The mathematical Ideal and Softmax in Julia

A Poetic Notion

Walking an elegant equation or proof backwards is an unraveling. It’s hard to see how the equation got so refined, so simple… and it's usually an aggregate over many years of small refined edits. Rarely does math come out Ideal. It’s messy and gross and gets refined over time. Students are rarely told this, and you’d hardly guess how messy math is looking through books.

We put to paper an attempt to describe the world in matters of precision that are proportional to the phenomenon; it is a realization unfolding and in progress. What lands never feels sufficient. It never seems right. Scribbles followed by notes and pages of pages finally reduce to some elegant form. That is what we are after, elegant form.

In more plain words, the perfect looking form of an algorithm gets very messy very quickly when you start working through it. This is nowhere more abundantly clear than in software.

What is Ideal?

Take Euler’s number, represented as e. To be represented as a single alphabetic character is an abstraction towards simplicity…. in other words, it is Ideal. A common numeric representation is

ℯ = 2.7182818284590...

But that is not totally accurate. It is also an abstraction towards simplicity since the number just goes on and on (known to over a trillion digits). For our purposes a mathematical Ideal is an abstraction towards simplicity. Another way of saying is that a mathematical Ideal is an approximation to a reality. That is, we know e goes to many digits, but in calculating quantities using e it's often enough to approximate.

Simplifying a representation (i.e., abstraction) of mathematical properties seems to be a unique human trait that allows us to represent more and more complicated mathematical ideas in simple ways.

Computing Quantities

We can compute the exponential of an integer by raising to the exponent of Euler’s number e¹ = 2.7182. I’ve used the Julia programming language to show the exp function to calculate exponentiation for 0,1,2,3 with the default base e.

myExpon = [exp(x) for x in 0:3]
4-element Array{Float64,1}: 1.0 2.71828 7.38906 20.0855

If we sum the four quantities of exp over 0,1,2,3 we get 1.0 + 2.71828 + 7.38906 + 20.0855 = 31.1929. Another simplification: I’ve reduced the quantities to 4 digits after the decimal point.
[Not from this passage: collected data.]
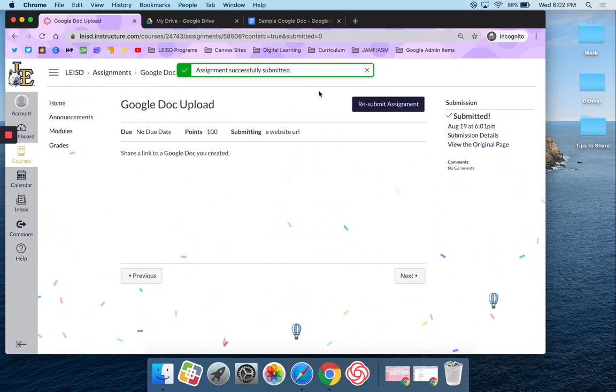That is how you submit a website URL submission in Canvas.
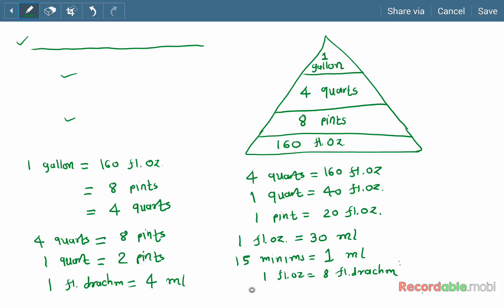To summarize all conversions: one gallon equals 160 fluid ounces equals 8 pints equals 4 quarts. One quart equals 2 pints. One pint equals 20 fluid ounces. One fluid ounce equals 30 ml. 15 minims equals 1 ml. And one fluid ounce equals 480 minims. These are the calculations we are going to use in our syllabus.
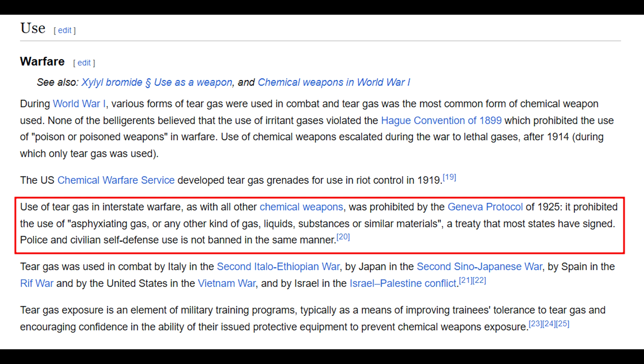The use of irritants for military purposes, by the way, is prohibited by the Geneva Convention and constitutes a war crime. But the Russians clearly don't care about these conventions.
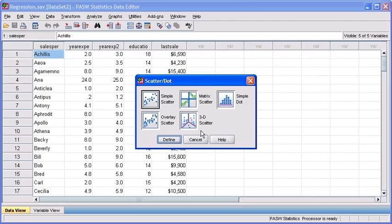Once the Scatter Dot dialog box opens, select the Simple Scatter option. Afterwards, click on the Define button.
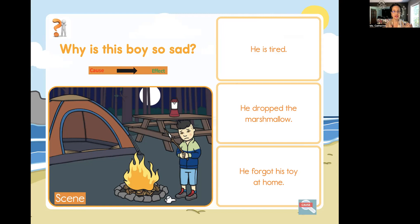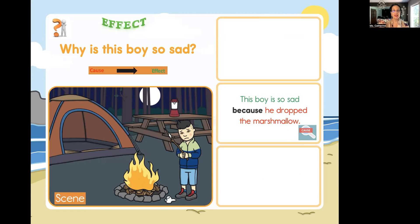This boy is so sad because he dropped the marshmallow. So that would be the effect — the boy is so sad. Because, which is the cause, he dropped the marshmallow. The outcome is this boy is so sad. If you didn't get it, don't worry — I am here for you, and we will just keep playing the summer scenes and questions.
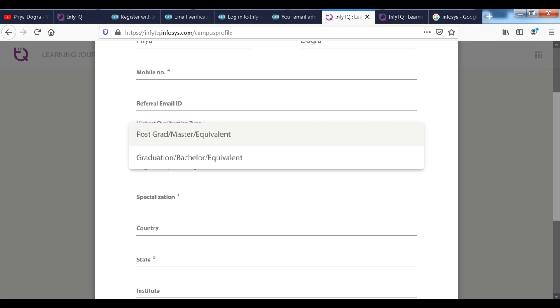Next, if you look here, you have a specialization. If you are doing degree program here, you can mention the specialization.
Seems odd to do this from a mathematical point of view because it has the consequence of impacting the accuracy. But this “rounding” for floating point numbers is a common area of innovation, research, and discussion in using math and software. Computers are finite resources and approximating values where possible is good resource management. It’s another kind of abstraction towards simplicity. Doing math on a computer is all about managing approximations to a reality. And if we can live with 31.1929 over 31.19287485057736 then we have made things simpler and easier to manage

esum = sum(myExpon)

If I decide I want to derive some distribution for the exponentiated values of 0, 1, 2, 3 then I can iterate over them and divide by the sum.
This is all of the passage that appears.